OWS is a global NPM module built for OWScript. It adds the ability to generate projects, update OWScript, compile (on demand and on file changes), and more as time goes on.

Installation

Installation is as easy as:

npm install owscript -g

Generating a Project

Command/Aliases

  • generate
  • gen
  • g
  • init
  • i
  • new
  • n

Usage

ows generate

This will generate a project in the current directory.

ows generate [folder] [path?]

This will generate a project inside a folder name that's specified. If the folder exists, with contents inside, it will confirm the action before removing the entire folder and recreating it. If it doesn't exist, it will create it.

If the path is specified, it will attempt to do all of the above at that path (either relative to the current working directory, or absolute)
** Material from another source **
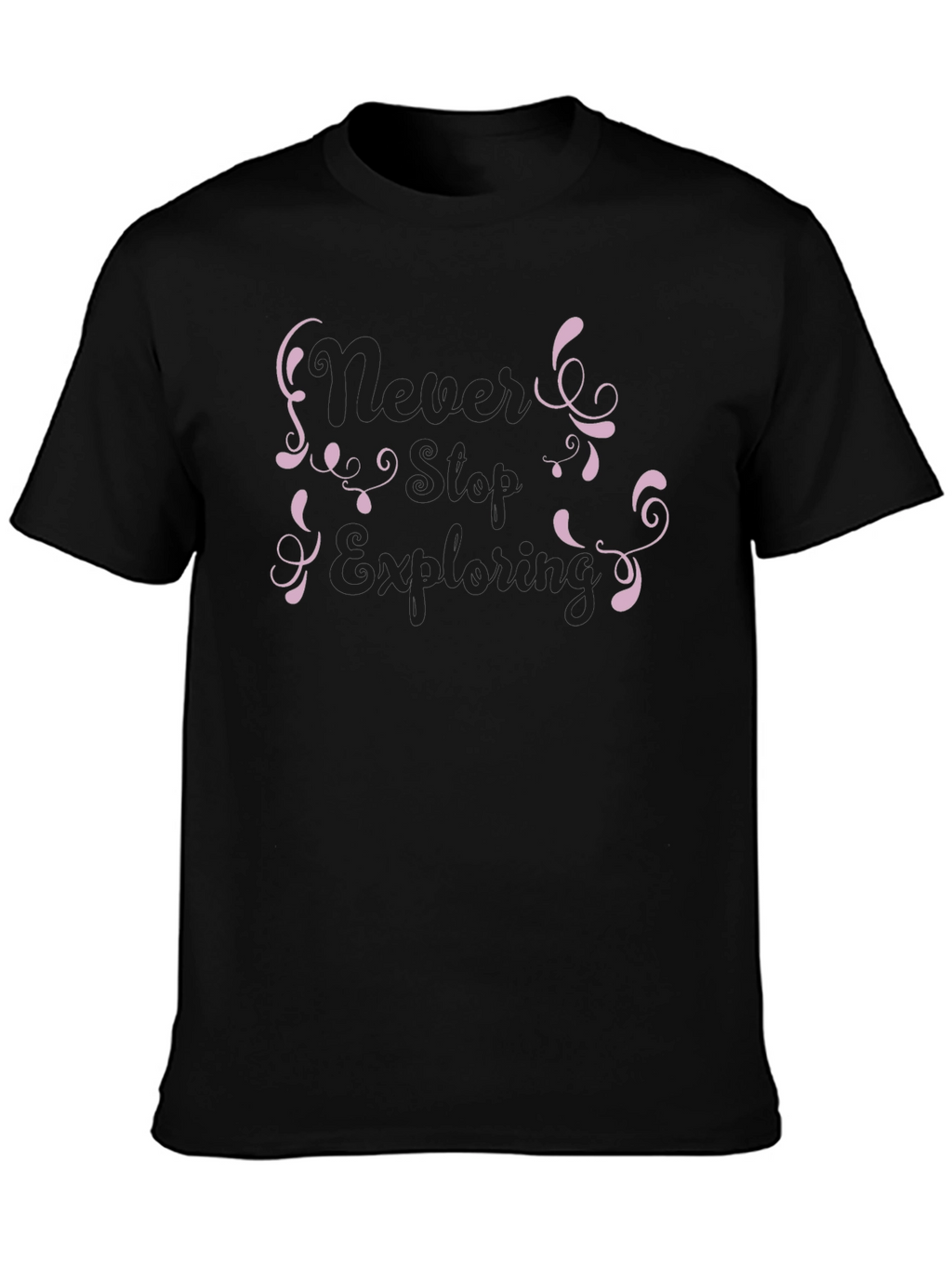 Never Stop Exploring Black Graphic Tee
After that, it will ask you a variety of questions for the process to complete. Then all you have to do is open the project in your favorite editor (we suggest VSCode with the official extension) and start creating in src/index.owpy.

Compiling

Command/Aliases

  • compile
  • c

Usage

Just navigate to a OWScript project directory and have a properly configured owscript.config.json and run:

ows compile

It will take care of the rest!

Watching for Changes

There's also a command (ows watch / ows w) which, essentially, works the same as compile except it watches the project directory for any changes and compiles as you go. This works very well for those who don't want to constantly run a compile command and just want to be able to let it run in the background and only switch to it [the console] to check for errors.

Git submodules? What?

If you answered yes for git, you'd probably notice the new .gitmodules file. A lot of people don't notice it. There's a pretty nifty guide, from Chris Jean, that goes over submodules here: Git Submodules: Adding, Using, Removing, Updating

We use git submodules for everything, include library files like Overwatch Zone's Core Module. This eliminates the need for custom package manager, and allows you to retain control over what branch, commits, etc you use for your project. It also allows you to, in most cases, on wherever your project is hosted view the submodule on that commit directly...so you never have to worry about digging through releases.